Грамотность и народность | страница 26



Нет! Великоросс может все, что может другой славянин; но он сверх того способен на многое, на что ни другой славянин, ни грек или француз, и др. европейцы не способны!

Возьмем хоть опять того гуляку-старообрядца, о котором я говорил в начале этого примечания. Болгарин или серб если склонен к сластолюбию и женолюбию, то из него скорее выйдет лицемер вроде «Jacques Ferrand» в Парижских Тайнах, чем «Лихач Кудрявич» Кольцова.

Я с ужасом слыхал на Востоке от 18–20-летних, едва обученных грамоте мальчиков, такие слова:

– Надо есть дома постное для слуг и простого народа; а потихоньку от них отчего же не есть скоромное. Какой же образованный человек может выносить постное кушанье? Это в пору желудку рабочего человека!

На Востоке в грамотном сословии нет идеализма ни личного, ни религиозного, ни философского, ни поэтического.

Развить и возобновить его на Востоке могут только русские, когда у них самих пройдет нынешнее утилитарное одурение!

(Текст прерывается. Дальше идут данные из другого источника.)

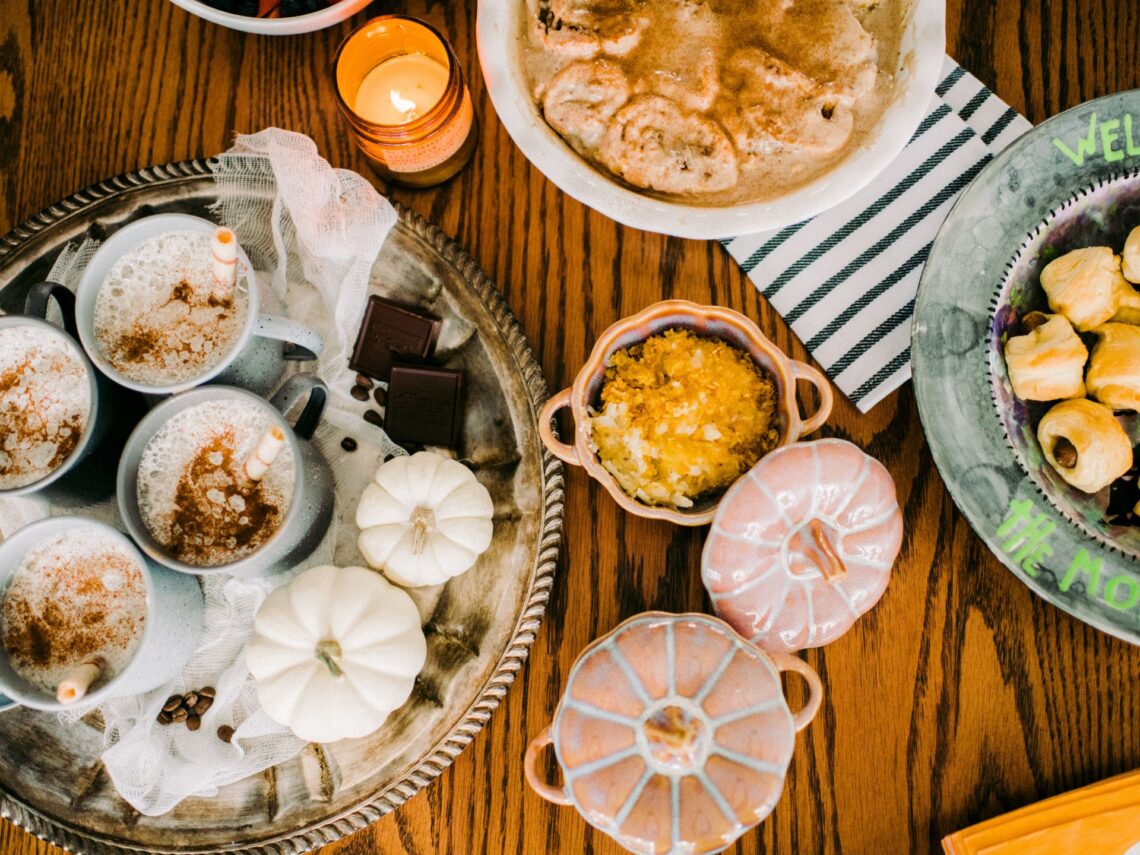 A fall dinner on a wooden table.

Итак, судя по этим кратким и спешно изложенным примерам и по множеству других, можно сказать, что грамотность сопутствует всевозможным нравственным качествам как из круга семейной, так и государственной жизни. Теперь обратимся к уму.

Неужели мы смешаем грамотность с развитием ума и талантов?

Кто же это сделает? Грамотность может отчасти способствовать их развитию, как и развитию нравственных свойств; но этому развитию способствуют и тысячи других обстоятельств помимо грамотности.

Русский мужик очень развит, особенно в некоторых губерниях. Он умен, тонок, предприимчив; в нем много поэтического и музыкального чувства; местами он неопрятен, но местами очень чист и всегда молодец. Он умеет изворачиваться в таких обстоятельствах, в которых растеряются грамотные, но тупые французские или немецкие поселяне.

Герцену надо отдать при этом случае справедливость, он тоже говорил про русского мужика: «он не образован, но он развит».

Почему же, за немногими исключениями, у нас люди почти всех учений нередко и бессознательно с любовью обращаются к нашему простолюдину? Неужели только из демократической гуманности? Нет, здесь есть другое… Всякий член, оторванный быстрым и сначала насильственным европейским воспитанием нашего общества, понимает, что в нашем простом народе отчасти скрыт, отчасти уже ясен наш национальный характер.

И действительно, в гармоническом сочетании наших сознательных начал с нашими стихийными, простонародными началами лежит спасение нашего народного своеобразия.